If a loved one is approaching retirement age or has already passed that date, they might be experiencing changes in their life that affect how they perceive themselves. After completing their career, they need to find other ways to fill their time, but they also have to deal with fewer people asking for their help. Although this might sound relaxing, it can also be very isolating and difficult to deal with. Here are five ways to help your aging loved one feel useful.

Include Them in Your Creative Projects and Hobbies

Hobbies such as painting or DIY arts and crafts projects help pass the time, and they can also be an excellent way for you to bond with your aging loved one. Simple gestures like asking for their opinion on your work or giving them easy tasks to manage for the project will reinvigorate their creative drive. Also, if they’re working on a painting of their own, complimenting them on their abilities can boost their self-esteem.

Avoid Making Them Do Things Outside Their Comfort Zone

When your loved one takes on a creative project, make sure it’s something they can handle. Activities such as sculpture-making or building anything large might be too overwhelming for your aging loved one. If you choose a task that’s too difficult, the plan could backfire, and they might feel worse if their own abilities disappoint them.

Ask Them for Their Advice on Things

The next time there’s an important decision in your life, reach out to your aging loved one and seek their advice to make them feel that their opinion is valuable. Including them in any decision-making process can help give them a sense of purpose. There might be challenging situations in everyday life that lower their confidence, but asking for their advice reminds them that people still depend on them.

Let Them Make Their Own Decisions on What Matters to Them

Giving your loved one the freedom to make their own decisions on things that impact them, such as clothing, liberates them and strengthens their sense of independence.
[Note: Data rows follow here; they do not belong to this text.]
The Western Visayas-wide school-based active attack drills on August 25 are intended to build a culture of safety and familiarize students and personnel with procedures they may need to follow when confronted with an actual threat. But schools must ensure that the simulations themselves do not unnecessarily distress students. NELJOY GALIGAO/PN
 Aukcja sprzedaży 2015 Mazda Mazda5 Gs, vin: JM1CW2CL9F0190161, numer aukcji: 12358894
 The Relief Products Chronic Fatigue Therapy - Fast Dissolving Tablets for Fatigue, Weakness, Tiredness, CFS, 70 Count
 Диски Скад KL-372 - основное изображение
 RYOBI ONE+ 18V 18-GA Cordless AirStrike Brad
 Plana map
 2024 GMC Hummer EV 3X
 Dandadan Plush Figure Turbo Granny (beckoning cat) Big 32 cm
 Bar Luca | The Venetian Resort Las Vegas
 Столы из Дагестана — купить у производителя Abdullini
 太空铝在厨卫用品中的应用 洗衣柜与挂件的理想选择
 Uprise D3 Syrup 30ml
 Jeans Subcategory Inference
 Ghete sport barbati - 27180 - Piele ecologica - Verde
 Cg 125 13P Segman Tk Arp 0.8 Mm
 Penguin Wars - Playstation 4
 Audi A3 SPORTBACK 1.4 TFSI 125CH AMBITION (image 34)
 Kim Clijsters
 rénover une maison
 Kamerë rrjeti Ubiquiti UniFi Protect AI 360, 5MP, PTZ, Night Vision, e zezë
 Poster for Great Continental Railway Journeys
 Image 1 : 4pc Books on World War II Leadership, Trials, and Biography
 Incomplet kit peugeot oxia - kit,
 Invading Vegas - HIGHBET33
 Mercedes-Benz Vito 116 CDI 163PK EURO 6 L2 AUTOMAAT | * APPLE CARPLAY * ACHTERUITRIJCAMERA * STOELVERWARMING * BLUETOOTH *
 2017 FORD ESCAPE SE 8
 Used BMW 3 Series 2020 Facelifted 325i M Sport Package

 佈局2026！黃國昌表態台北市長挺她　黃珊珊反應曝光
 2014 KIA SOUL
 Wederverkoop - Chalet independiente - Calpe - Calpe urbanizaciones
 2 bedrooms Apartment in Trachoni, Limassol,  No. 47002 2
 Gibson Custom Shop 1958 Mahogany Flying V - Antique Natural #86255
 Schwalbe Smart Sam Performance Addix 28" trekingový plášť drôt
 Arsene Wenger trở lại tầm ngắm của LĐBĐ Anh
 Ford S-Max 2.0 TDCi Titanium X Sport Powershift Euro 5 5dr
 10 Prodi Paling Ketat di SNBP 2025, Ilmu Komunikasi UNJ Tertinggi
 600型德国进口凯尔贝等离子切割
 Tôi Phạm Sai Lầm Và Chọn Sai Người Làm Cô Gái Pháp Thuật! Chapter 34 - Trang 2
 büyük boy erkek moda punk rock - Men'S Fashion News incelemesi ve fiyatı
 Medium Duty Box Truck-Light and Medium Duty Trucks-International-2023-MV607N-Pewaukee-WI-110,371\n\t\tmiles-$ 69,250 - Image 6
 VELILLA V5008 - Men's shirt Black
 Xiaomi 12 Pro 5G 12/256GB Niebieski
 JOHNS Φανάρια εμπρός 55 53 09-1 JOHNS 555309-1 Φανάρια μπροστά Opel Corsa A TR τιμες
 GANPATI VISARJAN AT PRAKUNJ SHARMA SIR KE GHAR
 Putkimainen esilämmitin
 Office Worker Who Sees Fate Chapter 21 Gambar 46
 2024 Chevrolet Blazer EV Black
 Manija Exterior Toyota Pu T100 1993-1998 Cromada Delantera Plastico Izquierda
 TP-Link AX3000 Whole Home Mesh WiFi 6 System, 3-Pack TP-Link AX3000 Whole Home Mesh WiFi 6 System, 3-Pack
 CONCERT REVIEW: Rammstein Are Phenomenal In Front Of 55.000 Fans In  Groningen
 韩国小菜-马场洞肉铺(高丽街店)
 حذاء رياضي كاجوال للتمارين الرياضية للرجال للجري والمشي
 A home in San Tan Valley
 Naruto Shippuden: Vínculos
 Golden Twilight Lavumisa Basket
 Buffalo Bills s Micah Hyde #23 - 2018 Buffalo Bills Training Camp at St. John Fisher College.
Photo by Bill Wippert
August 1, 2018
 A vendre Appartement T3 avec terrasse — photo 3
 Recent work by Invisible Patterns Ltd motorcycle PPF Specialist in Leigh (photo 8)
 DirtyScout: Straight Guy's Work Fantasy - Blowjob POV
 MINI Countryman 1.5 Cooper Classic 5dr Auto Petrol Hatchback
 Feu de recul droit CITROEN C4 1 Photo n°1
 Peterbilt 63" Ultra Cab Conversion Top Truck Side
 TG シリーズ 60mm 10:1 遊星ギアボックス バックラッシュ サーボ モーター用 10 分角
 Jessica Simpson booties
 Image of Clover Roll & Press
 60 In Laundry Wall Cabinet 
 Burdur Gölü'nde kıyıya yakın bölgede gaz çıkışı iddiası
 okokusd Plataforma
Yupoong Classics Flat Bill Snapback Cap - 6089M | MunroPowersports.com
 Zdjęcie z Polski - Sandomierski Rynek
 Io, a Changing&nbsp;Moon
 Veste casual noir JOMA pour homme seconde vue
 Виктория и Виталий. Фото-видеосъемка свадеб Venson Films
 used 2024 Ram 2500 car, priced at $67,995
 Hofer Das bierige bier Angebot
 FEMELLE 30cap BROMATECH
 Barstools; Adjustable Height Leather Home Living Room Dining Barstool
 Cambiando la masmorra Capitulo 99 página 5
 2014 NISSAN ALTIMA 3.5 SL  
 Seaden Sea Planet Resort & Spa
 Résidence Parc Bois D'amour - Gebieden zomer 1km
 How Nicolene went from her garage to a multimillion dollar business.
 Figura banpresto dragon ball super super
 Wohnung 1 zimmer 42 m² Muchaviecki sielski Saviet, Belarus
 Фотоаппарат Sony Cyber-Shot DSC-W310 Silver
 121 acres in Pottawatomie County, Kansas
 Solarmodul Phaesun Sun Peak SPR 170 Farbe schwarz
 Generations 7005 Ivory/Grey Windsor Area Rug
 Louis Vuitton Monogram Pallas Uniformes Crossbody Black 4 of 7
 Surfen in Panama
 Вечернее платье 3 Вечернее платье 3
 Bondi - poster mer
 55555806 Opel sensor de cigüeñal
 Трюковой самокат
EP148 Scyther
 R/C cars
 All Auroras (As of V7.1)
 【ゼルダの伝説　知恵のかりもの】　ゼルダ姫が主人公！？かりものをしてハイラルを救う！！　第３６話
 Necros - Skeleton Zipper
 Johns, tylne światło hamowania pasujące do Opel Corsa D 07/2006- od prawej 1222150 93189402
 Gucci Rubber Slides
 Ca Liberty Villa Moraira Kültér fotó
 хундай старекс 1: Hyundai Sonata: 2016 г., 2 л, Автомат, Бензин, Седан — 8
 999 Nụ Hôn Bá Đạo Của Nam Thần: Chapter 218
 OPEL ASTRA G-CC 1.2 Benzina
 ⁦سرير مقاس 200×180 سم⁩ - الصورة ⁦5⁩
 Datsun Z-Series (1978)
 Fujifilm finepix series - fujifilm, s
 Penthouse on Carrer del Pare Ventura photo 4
For example, if your loved one wants to buy walking canes in Australia, let them do what they want with their own money.

Offer More Praise Than Criticism

When someone makes a mistake, it’s easy to criticize them so they don’t repeat it. However, criticism can damage your loved one’s self-esteem, especially if the error was an accident. Instead of criticizing, try to look on the bright side and praise them for the things they succeed at doing.

Overall, aging has its ups and downs for anyone, but it doesn’t have to be too bad. Now that you know five ways to help your aging loved one feel useful, you can spend more time enjoying their company and less time talking them out of distress.